Lies, tears and an apology
Testimony from multiple witnesses suggested that many of those involved were misled — and, at times, misled one another.
For example, Jaar acknowledged that an interview he gave to the New York Times while in hiding in Haiti was arranged by someone named “Austin” whom he thought was an FBI agent. It turned out, he later learned, that the man was not a federal agent.
Palacios, meanwhile, described being offered a security job in a Central American country that turned out to be Haiti. He also spoke of waiting weeks for weapons that never arrived and being promised a $2,500 monthly salary and a $300,000 bonus that were never paid. He said the men were initially told they would guard Sanon, and were given only two shotguns to do so. They were not told they would be carrying out an attack.
“They told us that a gang from Haiti was going to go to the president’s house, and then we would arrive at the house to search for videos and computers,” he testified.
“Supposedly the president would rape children in that house and he sold organs. They needed that evidence,” Palacios said about what he said was relayed by another squad leader, Duberney Capador, one of three Colombians who died after the attack.
The men had also said that Moïse was no longer legally president as of Feb. 7, 2021, but had wanted to stay in power.
“We had no other way out,” Palacios said. “We accepted, we agreed to go on that mission, something that we did not go over there for, and perhaps we failed. We failed maybe because of ambition, because we were told that there ... we were going to be given $300,000 each one of us.”

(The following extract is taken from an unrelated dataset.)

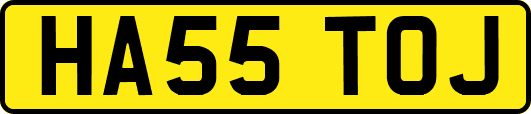 HA55TOJ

At the start of his testimony Palacios broke down in tears as he acknowledged that he agreed to cooperate in hopes of getting a reduced sentence.
“I did not travel to that country to do anything wrong,” he said. “While I was there, I agreed to participate in this. What happened there does not represent me as a person for that reason I have agreed to tell the truth because I am not a criminal, and I am very sorry for what happened over there.”